While most Catholics are familiar with the expression ‘virgin birth’, more often than not, they do not know what it means. For most of them, it refers to the virginal conception, not the virginal birth, of Jesus. When the expression is used without explanation, it often leads one to imagine that, if there was anything miraculous about the birth of Christ, it was that it was painless for Mary. In my own youth, I imagined Our Lady giving birth like all other mothers, but without suffering any pain. The miraculous character of the virgin birth was, in my young mind, that even though she gave birth naturally, it did not hurt. Without realising it, I was a young heretic!
It was only later that the authentic nature of the virgin birth dawned on me.

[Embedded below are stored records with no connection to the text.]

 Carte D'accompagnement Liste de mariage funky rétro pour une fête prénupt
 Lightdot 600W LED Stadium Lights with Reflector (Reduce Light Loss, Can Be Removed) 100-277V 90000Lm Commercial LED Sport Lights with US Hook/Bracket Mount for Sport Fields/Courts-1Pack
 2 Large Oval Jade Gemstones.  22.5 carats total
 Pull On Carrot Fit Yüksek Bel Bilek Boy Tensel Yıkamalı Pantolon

The Fathers of the Church compare the birth of Christ to the manner in which the rays of the sun penetrate a window, the way Christ Himself left the tomb on Easter Sunday morning or entered the Cenacle later that day without opening the door. Ever since I realised the true meaning of the virgin birth, I have been eager to share it with others. It provokes one of two jaw-dropping reactions: either wondrous awe at the marvel, or incredulous resistance. Why insist that Mary’s virginity remained intact in the very act of giving birth? Quite simply, God Himself has revealed it to us. If God has taken the trouble, it must be important for us to know.

A Triple Dogma
In the treatment of the virginity of Mary, Catholic dogma leaves nothing to chance. Our holy Mother the Church teaches us that Mary was a virgin ante partum (before giving birth to Jesus), post partum (after giving birth to Jesus), and in partu (in the very act of giving birth to Jesus).
Ante partum – We believe that Mary was a virgin before the birth of Jesus. This means that she conceived in a virginal manner by the power of the Holy Spirit just as the evangelists tell us (cf. Mt 1:18 and Lk 1:35). Whereas other women have to lose their virginity in order to become mothers, Our Lady has the unique privilege of conceiving miraculously without intercourse.

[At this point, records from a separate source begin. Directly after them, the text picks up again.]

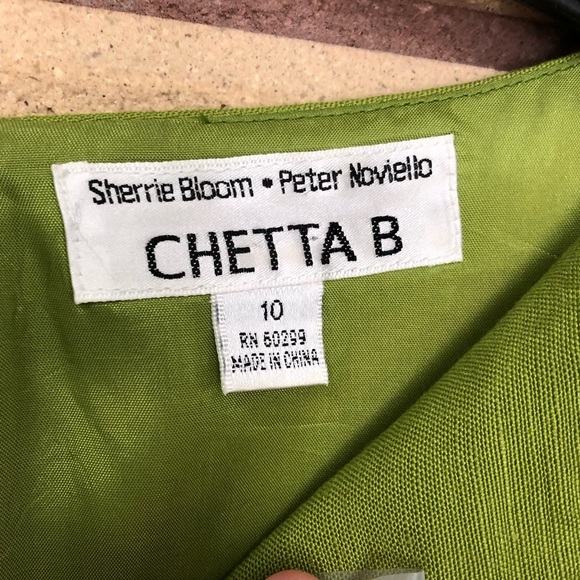 Vintage Style Olive Linen Blend Shift Dress - Chetta B - Size 10 - Midi Dress - Picture 4 of 15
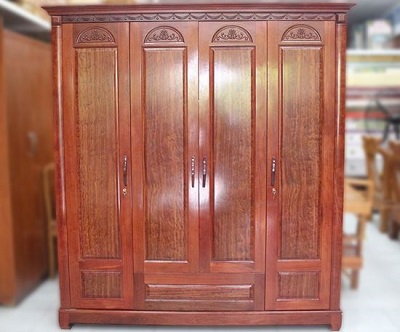 Tủ quần áo gỗ gội 4 cánh rộng 190cm cánh vòm GTQA99 1 ngăn kéo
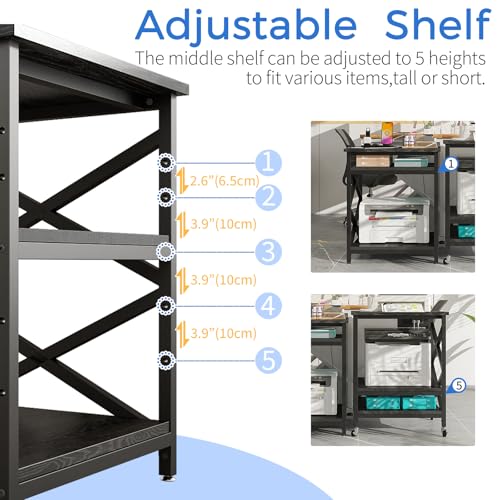 METYERRY 24"x23.6" Large Printer Stand with Power Outlet, 3 Tier Cart - color: Black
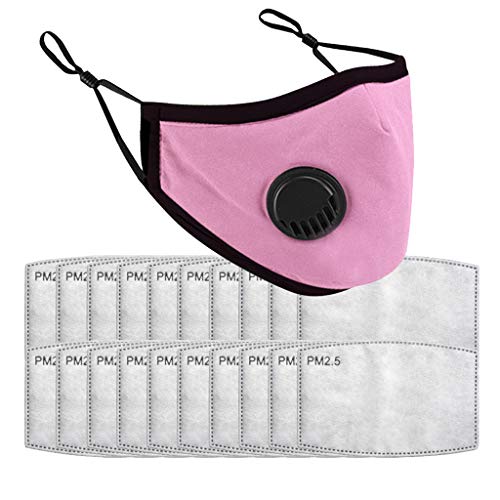 SCHOLIEBEN Para NiñOs Unisex AlgodóN Ciclismo Campamento Tejidos Reutilizables Para Deportes Al Aire Libre Rosado 1PC+20Filters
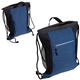 aerial view a navy blue greystone polycanvas drawstring backpack, image 1 of 2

Post partum – We believe that after the birth of Jesus, Mary remained a virgin until the end of her life. In other words, she never had carnal relations with Joseph or with any other man, and never had any other children in the flesh. This point of the dogma opposes those who, due to an inexact reading of certain verses of the Gospels, believe that Jesus had blood brothers and sisters. It is the common error of many Protestants to think that when the Gospels speak of the ‘brothers’ and ‘sisters’ of Jesus, they are referring to His siblings. In reality, Jesus had no siblings, because it would not have been becoming at all, indeed it would have been shocking to think that the Virgin Mother of God, who had conceived and given birth miraculously, would then unite with a man and give birth in the natural way. Furthermore, as has been demonstrated by exegetes, the Hebrews used the words ‘brother’ and ‘sister’ to mean loosely any close relatives, such as cousins and even aunts and uncles.

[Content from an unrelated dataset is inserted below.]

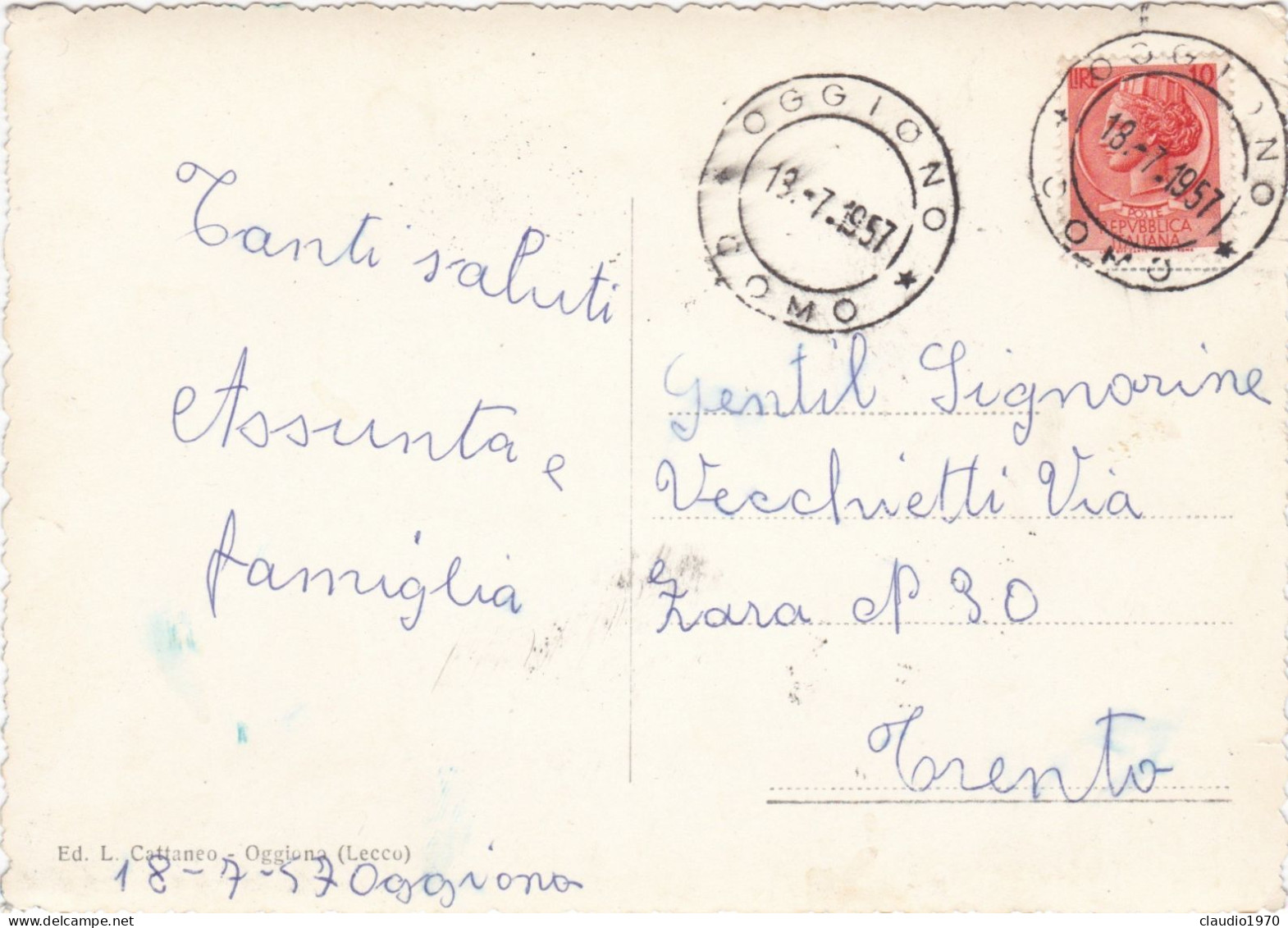 OGGIONO BRIANZA - (LECCO) CARTOLINA  - VIAGGIATA PER TRENTO - 1957 - Lecco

In partu – The dogma, however, goes further. We believe that Mary remained a virgin even in the very act of giving birth to Jesus. Here we have a much greater miracle. For most people, it is easy to accept that since Jesus is God’s Son and has no earthly father, it is fitting that God would perform a miracle so that Mary could conceive without a man being involved. When it comes to the birth, however, we frequently encounter opposition. ‘Do you mean the baby just came out, like through her uterus and skin, just like that? That’s extraordinary!’ Yes, it is, and it is precisely what the Fathers believed about the birth of Christ. It is what the Church teaches about the birth of Christ. It is the miracle of the virgin birth, unique in history, which the liturgy chants on Christmas night: Blessed is Mary the Mother of God; today she gave birth to the Saviour of the world, while her womb remained intact.1
Sceptics in every age have refused to believe the dogma. In one sense, we are at a disadvantage, since there were no eyewitnesses to the miraculous birth other than Mary and Joseph, and neither of them has left any written account. And yet, we do have a significant scriptural clue from the event itself, namely that ‘she wrapped him in swaddling clothes and laid him in a manger’ (Lk 2:7). Ordinarily, a woman who has just given birth is not the one to clothe her babe. Others do this for her and then bring the child to her. Not so here. Mary herself performs this duty, not because Joseph was unable to, but because the birth was not only painless, it was miraculous. Ultimately, however, this is one of those points of dogma handed down by Tradition (with a capital T). Our Lady herself must have made this point clear to the apostles, and it has been transmitted from generation to generation from the very beginning of the Church. This is why, when certain heretics made bold to question it, they were immediately silenced by the Fathers.2

Mystery Foretold
As would be expected, the event had been prophesied in Old Testament passages whose meaning, though veiled, becomes readily understandable in hindsight. The first is the episode of the burning bush. ‘The angel of the Lord appeared to Moses in a flame of fire out of the midst of a bush. He looked, and behold, the bush was burning, yet it was not consumed. And Moses said, “I will turn aside to see this great sight, why the bush is not burned” (Ex 3:2-3). The bush through which God revealed Himself to Moses was on fire and yet was not consumed by the fire. The Fathers tell us that, allegorically, the text refers to the divinity that was hypostatically united with the humanity of Christ in the incarnation, without the humanity being dissolved or ‘melted’ into the divinity.3 By extension, however, it refers to the virginal body of Mary, which, although penetrated by God’s presence and made capable of giving birth, retains its full integrity. She is not burned by the fire of concupiscence, nor is her virginal flesh deflowered by the birth, but passes through the miraculous event perfectly unscathed. And so, the Church sings on the octave of Christmas: ‘In the bush which Moses saw unconsumed, we acknowledge the preservation of thy glorious virginity’.4
The second text is the well-known prophecy of Isaiah: ‘Behold a virgin shall conceive and bring forth a son, and his name shall be called Emmanuel’ (Is 7:14). The text clearly states that not only will a virgin conceive, but also that a virgin will give birth. In other words, she is a virgin both in conceiving and in giving birth. Here we have the most succinct scriptural reference to the distinction between virginal conception and virginal birth.5
The third text is given to us by the prophet Ezekiel: ‘This gate shall remain shut; it shall not be opened, and no one shall enter by it, for the Lord, the God of Israel, has entered by it. Therefore, it shall remain shut. Only the prince may sit in it’ (Ez 44:2-3). This mysterious gate remains shut, and yet clearly God has passed through it, and the prince himself sits there. We have here another veiled reference to the virginal womb of Mary that allows God to pass, but remains closed. Even God, when He passes, does not open it. It is closed to all others, in such a way that had any man dared to attempt to violate that womb, he would have surely been struck dead like Uzzah (cf. 2 Samuel 6:6-7).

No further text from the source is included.